Let a homotopy $H\in C^1([0,1]^2,U)$ such that each $H([0,1],t)$ is triangular. Now I want to show that if $f$ is continuous then the map $t\mapsto\int_{\Delta_t}f(z)\, dz$ is also continuous, where $\Delta_t:=H([0,1],t)$. Then $$ \left|\int_{\Delta_{t_1}} f(z)\, dz-\int_{\Delta_{t_2}}f(z)\, dz\right|=\left|\int_0^1(f\circ H)(s,t_1)\partial_1H(s,t_1)\, ds-\int_0^1(f\circ H)(s,t_2)\partial_1H(s,t_2)\, ds\right|\\ =\left|\int_0^1\big((f\circ H)(s,t_1)\partial_1H(s,t_1)-(f\circ H)(s,t_2)\partial_1H(s,t_2)\big)\, ds\right|\\ \le\max_{s\in[0,1]}|(f\circ H)(s,t_1)\partial_1H(s,t_1)-(f\circ H)(s,t_2)\partial_1H(s,t_2)|\tag1 $$ Now observe that the function $g:=(f\circ H)(\cdot,\cdot)\partial_1 H(\cdot,\cdot)$ is uniformly continuous (because it is a continuous function with compact domain) so for every chosen $\epsilon>0$ there is a $\delta>0$ such that $$ |(s,t_1)-(s,t_2)|=|t_1-t_2|<\delta\implies |g(s,t_1)-g(s,t_2)|<\epsilon\tag2 $$ Consequently the map $t\mapsto\int_{\Delta_t}f(z)\, dz$ is continuous. Thus if we choose $H$ such that $\Delta_t\subset U\setminus L$ for all $t\in[0,1)$ and $\Delta_1\subset U$ then $$ \int_{\Delta_1}f(z)\, dz=\lim_{t\to 1}\int_{\Delta_t}f(z)\, dz=\lim_{t\to 1}0=0\tag3 $$ Now observe that this hold for every triangular path on $U$ of kind $1$ and $3$ because the interior of the region bounded by these triangles belongs completely to $U\setminus L$, so we can define such $H$ in any case.
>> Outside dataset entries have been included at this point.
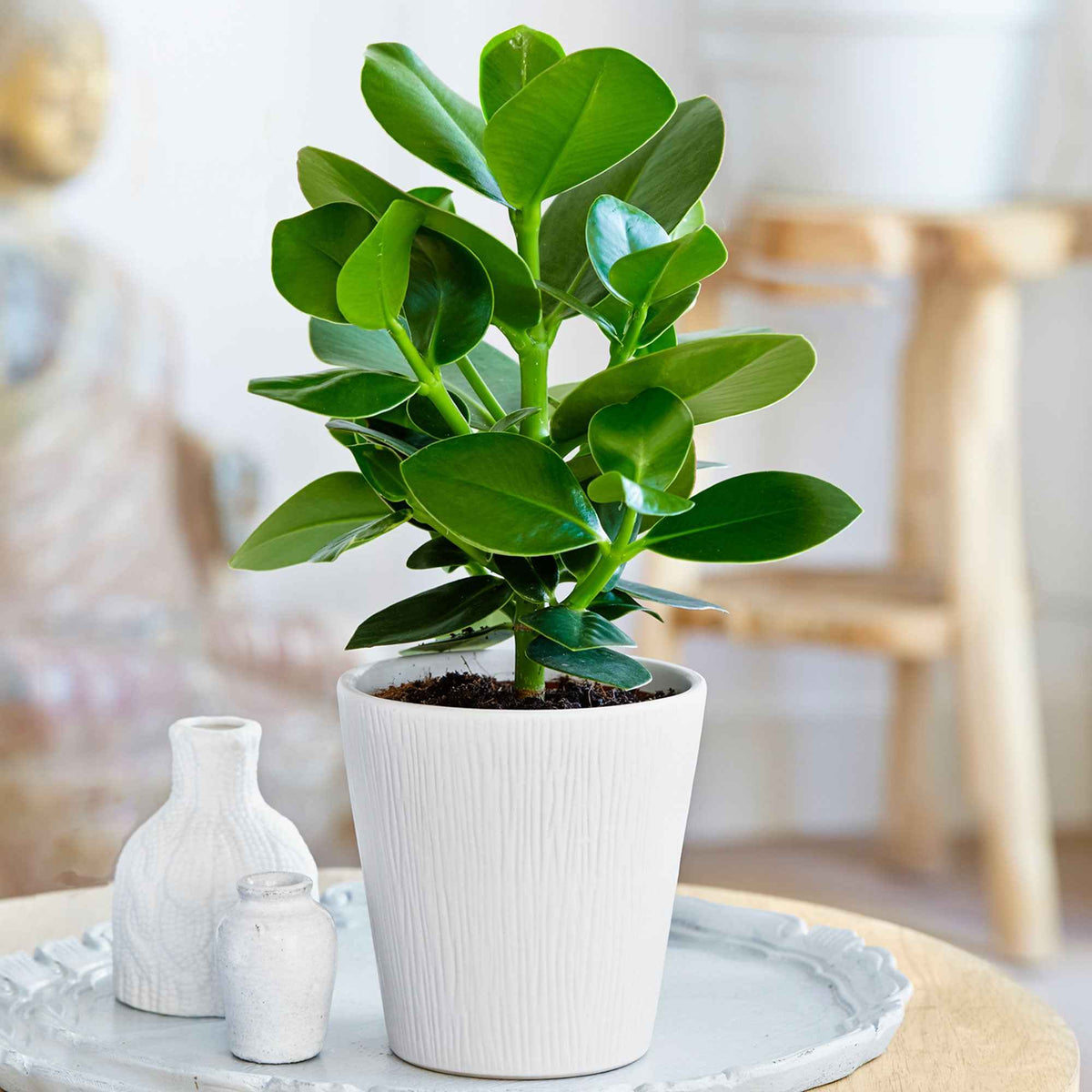 Clusia 'Princess' - Willemse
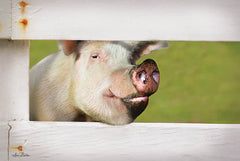 LD1224 - Pig at Fence - 18x12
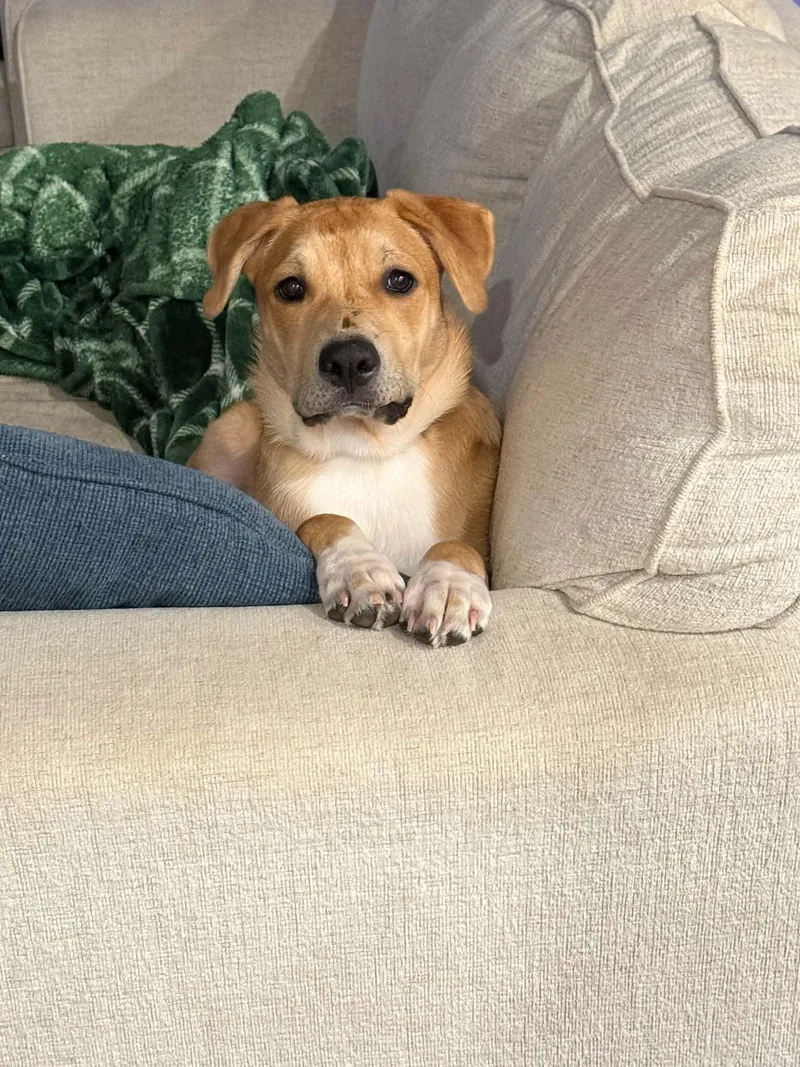 A young medium-sized female Apricot / Beige Yellow Labrador Retriever dog named Daisy for adoption in Foley, AL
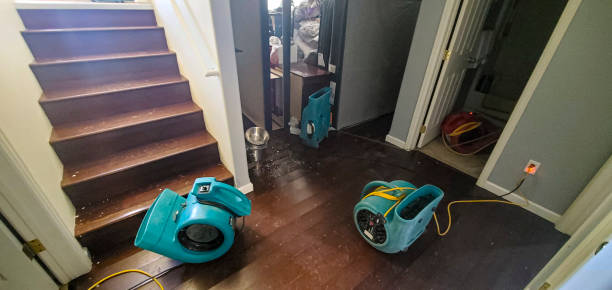 Best Basement water damage restoration  in Florin, CA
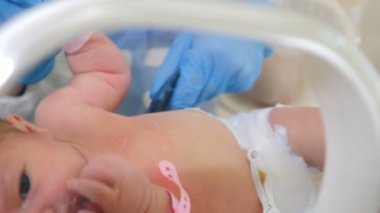 Yenidoğan in kuvöz, yoğun hastane tedavisi: Ccu, Yoğun Bakım, İtü. Mavi eldivenli doktor bebek bebeğin minik elini tutuyor. Doğum kliniğinde doktor gözetimi. 4k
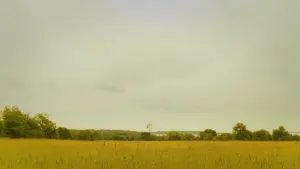 Задник к фильму "Королевство полной луны" #201681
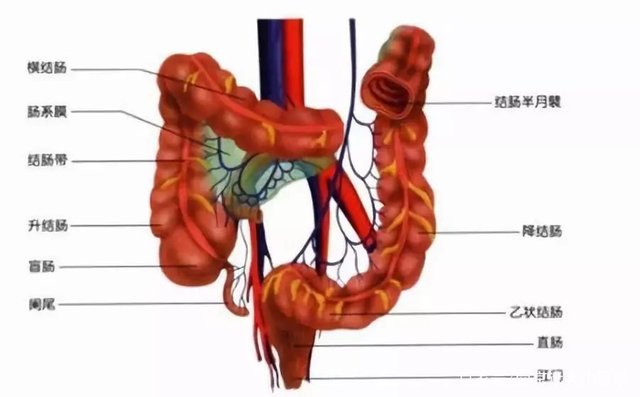结肠炎这些危害要小心 需及时诊治 快资讯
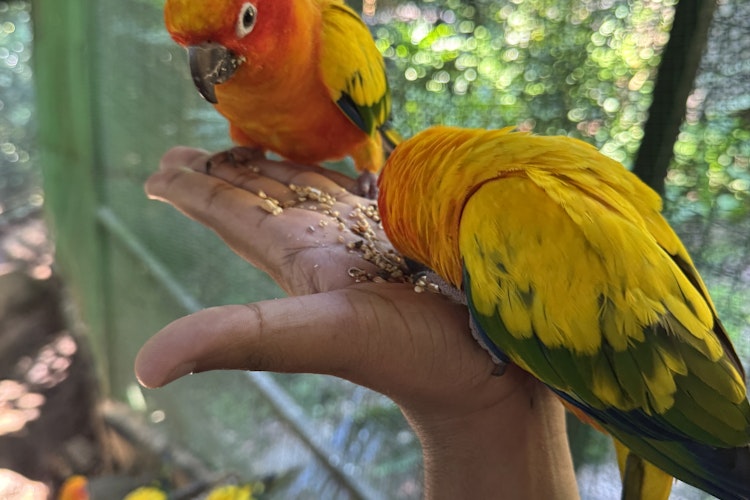 Inside the Bird Park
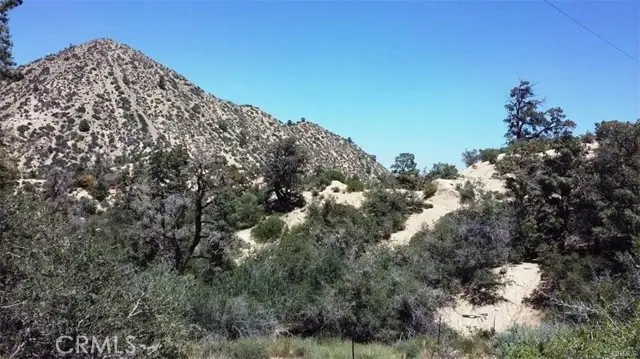 0 Desert Front, Pinon Hills, CA 92372 - #1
By last observe that a triangle of kind $2$ can be decomposed in two or three triangular paths of kind $1$ and $3$.
Then $(3)$ holds for every $\Delta_1\subset U$ so, by Morera's theorem, $f$ is analytic in $U$.$\Box$
Your proof is not correct. You only considered triangles such that one of its vertices belong to $L$. That's far from being the general case.